Kamakura Period (1185-1333) Buddhist sculptures often come down to us under the individual names of makers (when known) though they were often fashioned in workshops by multiple hands. A significant 13th-century work would employ a dozen or so team members and assistants and draw on multiple specialists.
While Kaikei is called the sculptor of the Shinto deity “Hachiman” for Nara’s Todaiji Temple, over 30 craftsmen were involved and Kaikei was the project’s overseer.
A further characteristic of Kamakura Buddhist sculpture was the religious bonding of the social and financial strata that provided money for producing new statuary. Within Kaikei’s “Standing Amida Nyorai” (c. 1194) was found a list of sponsors naming some 12,000 devotees.
In another example, the monk Genchi commemorated the first anniversary of the passing of his teacher, Honen, who was among the most prominent figures in Pure Land Buddhism and deeply involved with Kaikei. Forty to 50,000 of Genchi’s followers sponsored the “Standing Amida Nyorai” (1212) as a memorial. Such fundraising campaigns were the spiritual equivalent of today’s crowd-sourcing.
Kaikei has long been recognized as a pinnacle among Japanese Buddhist sculptors, along with his contemporary, Unkei. The two are said to represent the perfections of Japan’s 13th-century religious sculpture as the leading figures of the Kei school of Buddhist sculptors of Nara. Kaikei, in particular, is said to have pioneered an incomparable aesthetic standard that combined realism and elegance with fervent devotion. The forms he established became the models for successive centuries.
Yet much about Kaikei is unknown. He was a disciple of Unkei’s father, Kokei, and not a blood relative, but he was a sculptor held in high esteem and held important connections to powerful families, the Imperial court and Buddhist clerics. Kaikei’s name was first documented in 1183, though his earliest known work is the “Standing Miroku Bosatsu” (1189), now in Boston. Three years later he made a second statue in homage to the retired Emperor, Go-Shirakawa.

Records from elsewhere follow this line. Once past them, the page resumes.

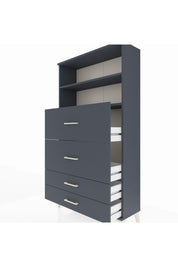 Arges Dolap 2 Raflı 4 Çekmeceli 88x30x163 Antrasit-Antrasit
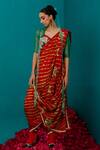 Buy_Latha Puttanna_Orange Satin Organza Embroidered Sequins Leheriya Saree _at_Aza_Fashions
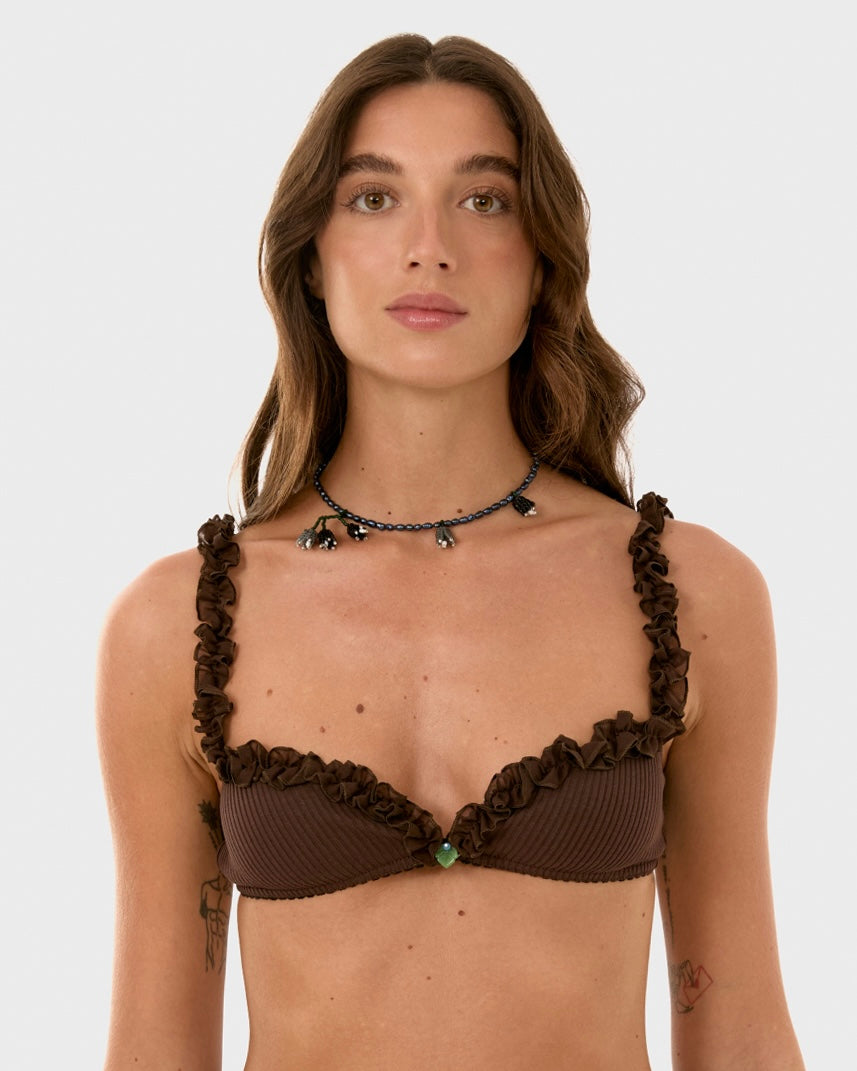 Ліф з Листочком Коричневий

Kaikei’s career blossomed with the numerous works he produced for the rebuilding of Todaiji Temple, a massive project promoted by the monk Chogen (1121-1206). Early on, Kaikei held no official title, but he moved up the Buddhist sculptor rankings to hōkyō (third-highest) in 1203 and then hōgen (second-highest) sometime between 1208-1210. It was only hōin, the top ranking, that he never received.
One exemplary work offers a glimpse of how this kind of period sculpture was witnessed in the past. Kaikei was tasked with recreating the 11-headed form of Avalokitesvara at Hasedera Temple in Nara after it was burned in 1219. With the original destroyed and its image kept so secret that no one really knew what it looked like, Kaikei’s icon was reputedly copied in secret from a painting held by another temple that refused to lend it out. Working from the painting, Kaikei and his workshop apparently completed the sculpture’s main body in 33 days in accord with the canonical 33 forms of Kannon.

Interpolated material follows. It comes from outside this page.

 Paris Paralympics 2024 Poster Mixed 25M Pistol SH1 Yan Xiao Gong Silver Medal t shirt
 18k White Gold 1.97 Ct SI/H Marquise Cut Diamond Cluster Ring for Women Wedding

Though Kaikei’s reproduction no longer survives, a relatively faithful copy of the masterpiece was fashioned by his disciple, Chokai — “Standing Juichimen Kannon,” (13th century). Originally such sculptural surfaces were richly colored in lacquer and this one is almost perfectly preserved because it was secretly shut away until the Meiji Era (1867-1912). Chokai’s reverence for his master’s formal and coloristic style also became a way for him to preserve it for our time.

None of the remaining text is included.